Productivity growth in the United States and other industrialized nations has been slowing for a half century and hit a wall in the mid-2000s. Considering that productivity is a central determinant of economic growth, economists have devoted considerable attention to figuring out what’s wrong. Some argue that we may be measuring productivity wrong, others that we’ve hit a lull before a surge of innovations, while still others think that the most impactful advances have already been made.

But according to MIT’s Daron Acemoglu and David Autor and Chicago Booth’s Christina Patterson, the real problem is uneven innovation between industries that creates bottlenecks.

They point to batteries as an example.

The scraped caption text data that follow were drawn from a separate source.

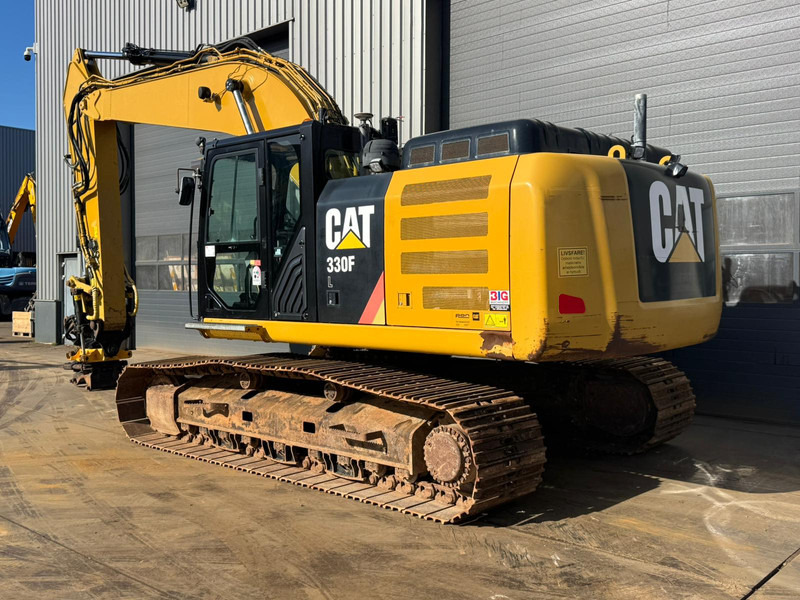 Caterpillar 330FL - Crawler excavator: picture 3 Caterpillar 330FL - Crawler excavator: picture 3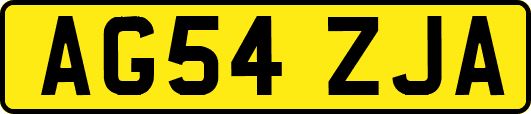 AG54ZJA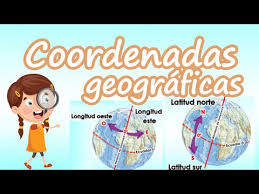 Lines of longitude and latitude are used to map the face of the earth. Coordenadas Geograficas Latitud Longitud Y Altitud Youtube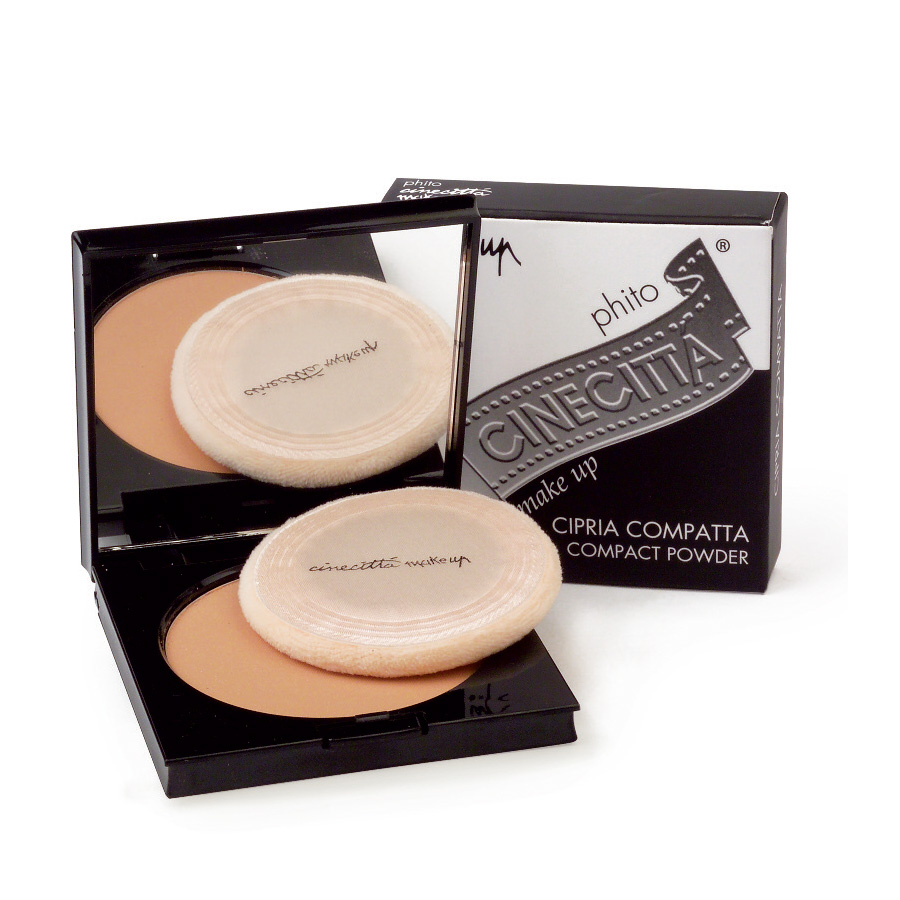Компактная пудра 12 цветов Compact powder CINECITTA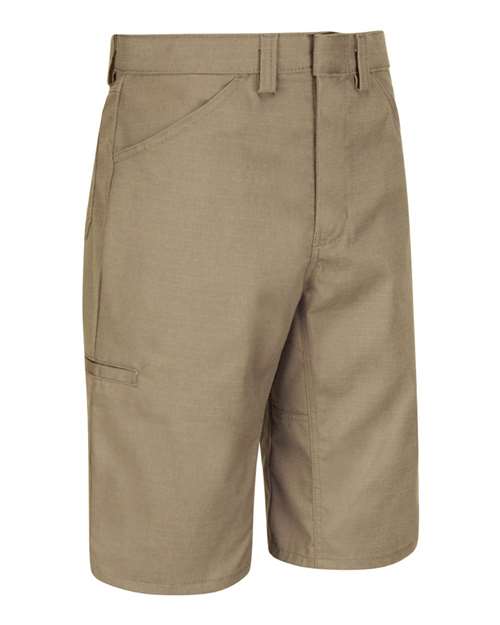 Red Kap Men's Lightweight Crew Shorts PT4L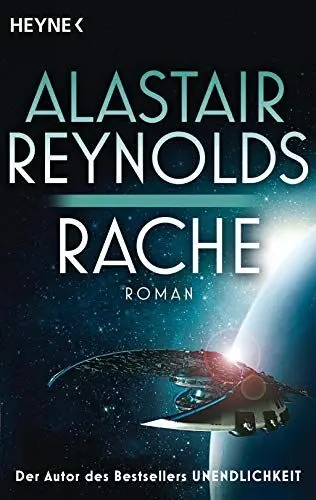 Produktbild: Rache: Roman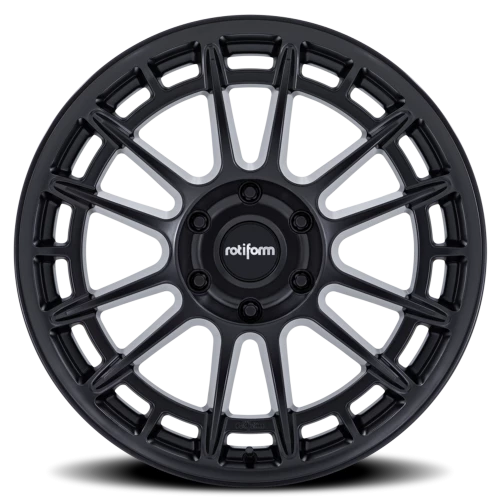Rotiform OZR-T RC210MX 18x8 +45 6x120mm 74.5mm Matte Black
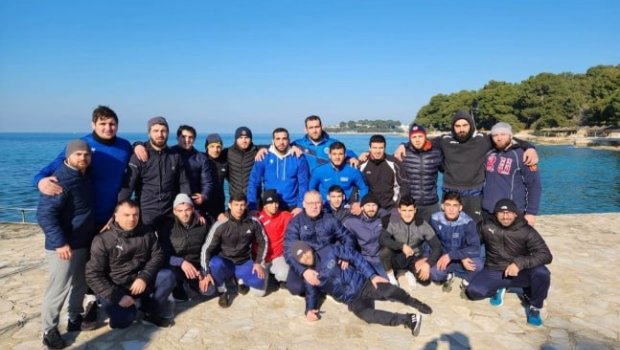 Yunan-Roma güləşi üzrə millimiz Xorvatiyada təlim-məşq toplanışı keçir – VİDEO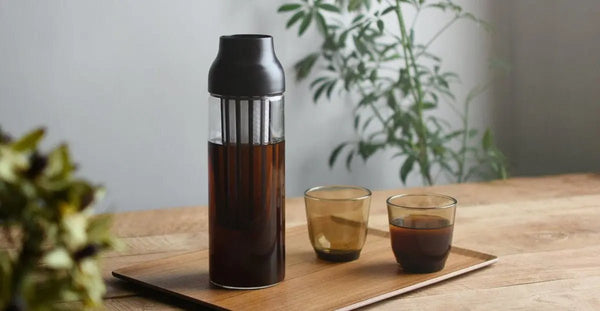 Cold brew - Barista ja Espresso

Rechargeable batteries have been powering mobile electronic devices since the 1970s, and advances in battery technology led to the first commercially successful hybrid car, the Toyota Prius, in 1997. But despite advances in engine software and safety sensor technology, cars couldn’t run on electricity alone because, for years, batteries couldn’t store enough energy to power all-electric vehicles. Batteries turned into a bottleneck that held back the auto industry for more than a decade.

Acemoglu, Autor, and Patterson argue that every breakthrough in a given industry requires simultaneous innovation by both the end producer and all of its suppliers. If two components of a product incorporate new technology but a third supplier does not, the end product can’t incorporate any of the advances, the researchers write. That lopsided innovation causes uneven growth that can stunt economic expansion.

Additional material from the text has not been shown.